• [Your task]: Your copy runs from the line containing "this 474×433 image." through the last line of the listing, both included. Restate those lines word for word and leave out pictures.

───── Data to process ─────

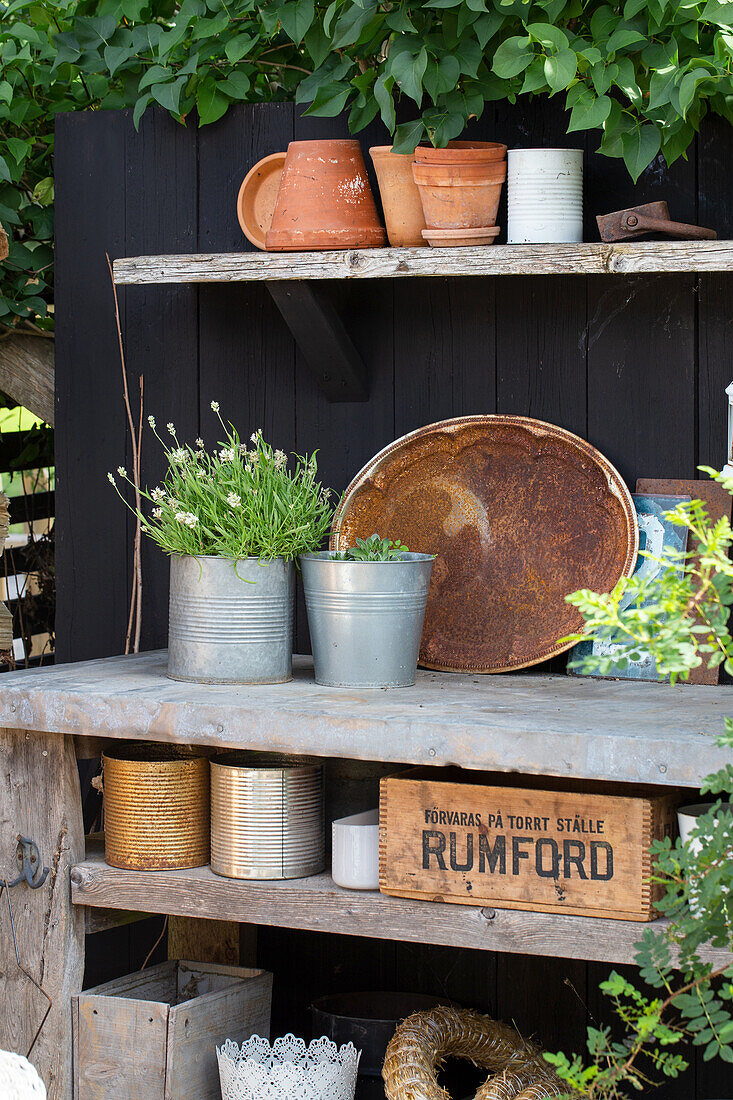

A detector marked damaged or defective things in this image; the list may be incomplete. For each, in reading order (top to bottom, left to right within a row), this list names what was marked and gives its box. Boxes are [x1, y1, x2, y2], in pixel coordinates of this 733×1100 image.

rusty metal tool [594, 204, 713, 245]
rust stain [330, 413, 633, 668]
rusty round metal tray [327, 415, 638, 673]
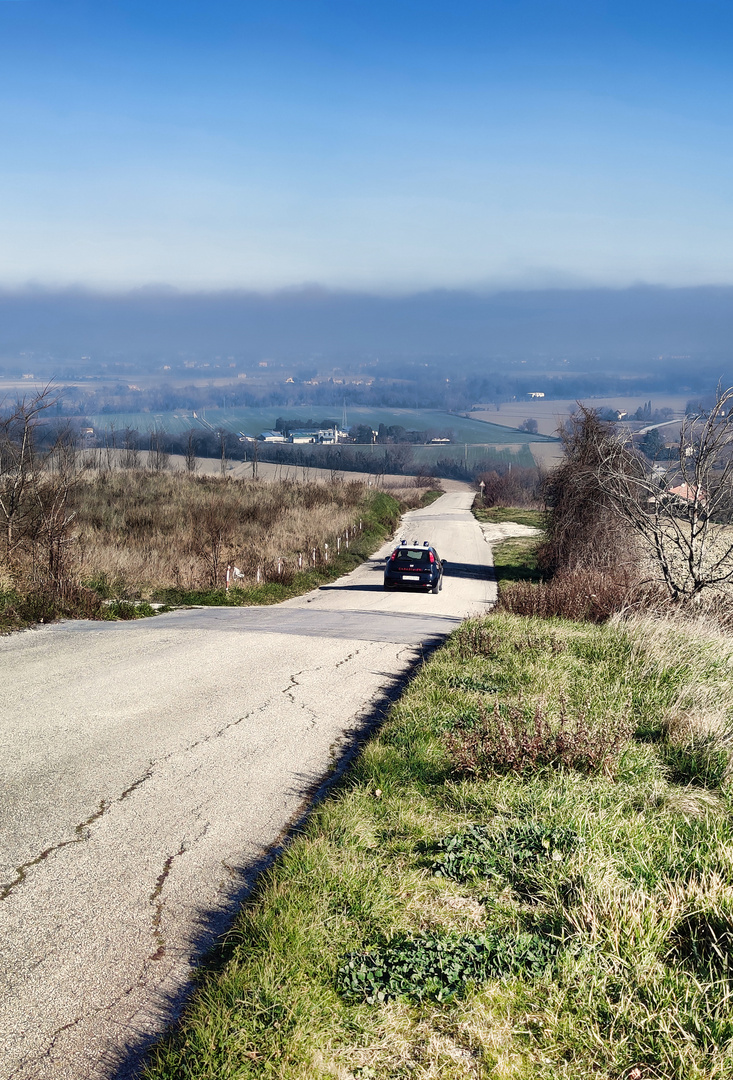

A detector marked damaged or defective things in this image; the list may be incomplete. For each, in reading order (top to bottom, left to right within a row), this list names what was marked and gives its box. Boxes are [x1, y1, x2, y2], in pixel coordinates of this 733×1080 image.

road crack [2, 768, 154, 902]
cracked asphalt surface [0, 492, 498, 1080]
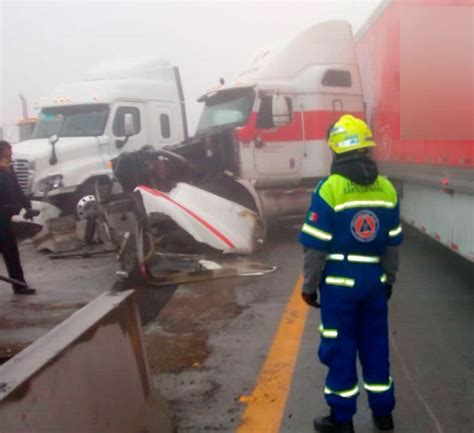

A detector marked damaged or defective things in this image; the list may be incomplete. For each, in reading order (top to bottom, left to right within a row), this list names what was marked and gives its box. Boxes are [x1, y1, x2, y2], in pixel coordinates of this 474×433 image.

torn metal panel [135, 181, 264, 255]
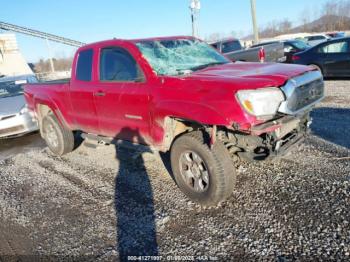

─────

• [Finished exercise]:
A detector marked damaged or defective things in this image; the list may be incomplete. For each, in reading order (top to bottom, left to right within a row), this list names what was marked and gives its box. Boxes are [x1, y1, x2, y2], in pixel coordinates of this 474×433 image.

torn metal panel [135, 181, 264, 255]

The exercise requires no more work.